As fans patiently wait for Season 4 of Insecure, they recount the show’s most recent season about the internal, emotional lives of four dynamic Black women in Los Angeles: Issa, Molly, Kelli and Tiffany. This is a show by a Black woman for Black women that smartly comments on social structural issues like whiteness and masculinity. Even though the show follows the friends in theirs 30s through romantic and professional journeys, students at Emory tuned in every week this fall to watch the show’s third season on HBO. So, why do they connect to a show about older characters?
For junior Naomi Tesema, her roommate Nia put her on to the show because they could relate to the characters being dark-skin Black women. So, they put Emory’s free Xfinity subscription to use and began watching the show together last year.
Having started watching this September, Jazmine Colvin, a senior in the Nursing School, was also inspired by a bunch of her friends being obsessed with the show and constantly talking about it.

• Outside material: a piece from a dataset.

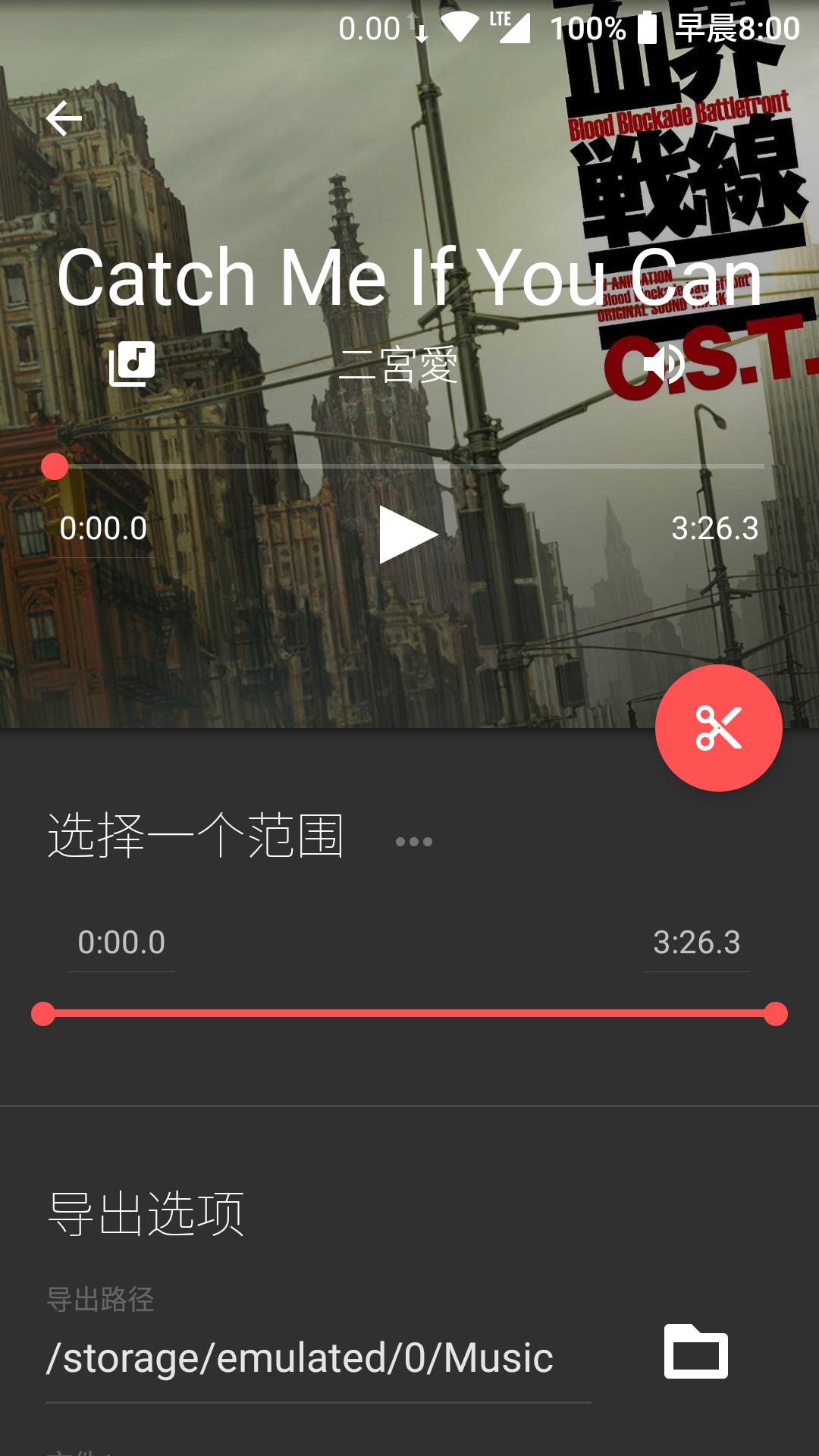 忍不住又拿出来分享！一款高颜值并且非常实用的音视频编辑工具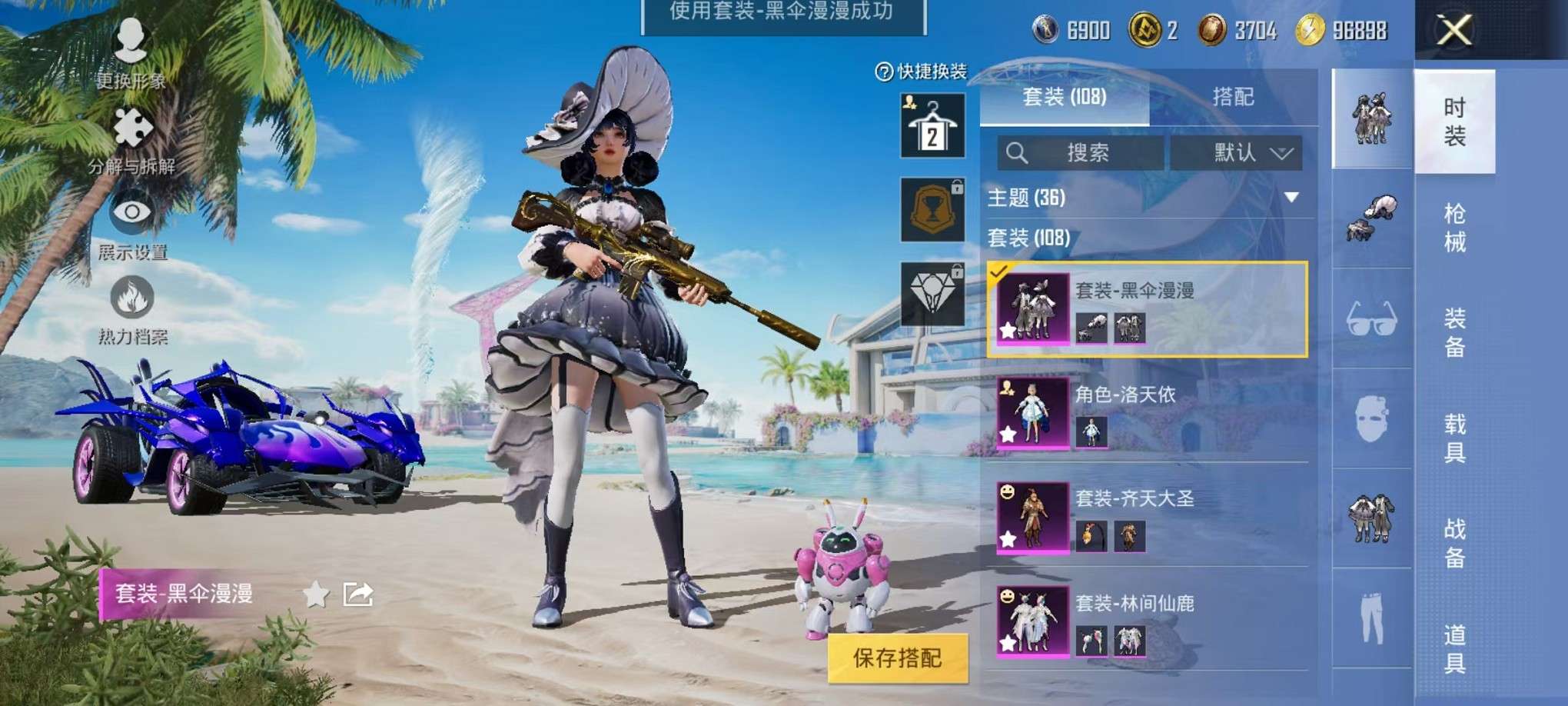 HPCMW3307794和平精英账号详情图7 HPCMW3307794和平精英账号详情图7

She also found the show relatable to her because it focuses on experiences with love, sex, emerging adulthood, etc. that she has dealt with or will deal with soon.

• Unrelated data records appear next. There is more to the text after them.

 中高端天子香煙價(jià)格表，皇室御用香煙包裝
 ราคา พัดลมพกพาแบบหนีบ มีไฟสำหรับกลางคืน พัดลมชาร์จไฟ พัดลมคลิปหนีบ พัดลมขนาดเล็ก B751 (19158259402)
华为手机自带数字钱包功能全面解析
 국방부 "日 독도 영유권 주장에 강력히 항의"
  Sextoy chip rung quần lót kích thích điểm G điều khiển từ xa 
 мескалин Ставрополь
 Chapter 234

This season, these two fans found the relatability of the show to stem from two specific characters: Issa and Molly. They both navigate personal and professional issues throughout the season the most. By the end of the season, Molly becomes more self-aware and apologizes to one of her dates while Issa chooses self-love and focus on herself over letting the men in her life take away her energy. Their development is rather impressive over such a short period of making similar mistakes over and over.
Naomi thinks that season 3 is different in a good way because “this season had more emphasis on Issa and her friendships than on her relationship with men, even though that was still a major plot line.”
Jazmine also appreciates that “both Issa and Molly are growing into themselves in different realms of their life” because it made the season more about “character growth and not so much plot development.”
Jazmine and Naomi are looking forward to the continuation of this show of female empowerment. They are looking for even more in Season 4 beyond the intriguing topics of ghosting, pregnancy, new life chapters and pursing passions.
“I hope Issa really is able to do something great for her community like she has wanted to from the beginning,” commented Jazmine.
Naomi has goals for almost every character, “I hope that Issa and Lawrence get back together. I kinda want to see Nathan again because he was cute I hope Issa reaches her career goals, especially with the festival she wants to put on for her community. I hope Molly takes a chance with Asian bae as well. I also hope Kelly gets more screen time. I love her!”
This lively show is a hit with hip-hop, soul music, humor and slang terms shining light on predominately Black areas of L.A. Insecure’s characters represent a viewpoint rarely shown in Hollywood—young, successful Black people. I think Jazmine and Naomi would agree with me as I believe that Insecure is a necessary show for Black representation. If you haven’t seen the awkward experiences and spicy tribulations of Issa and the crew, then take advantage of our Xfinity subscription and start binging the three seasons!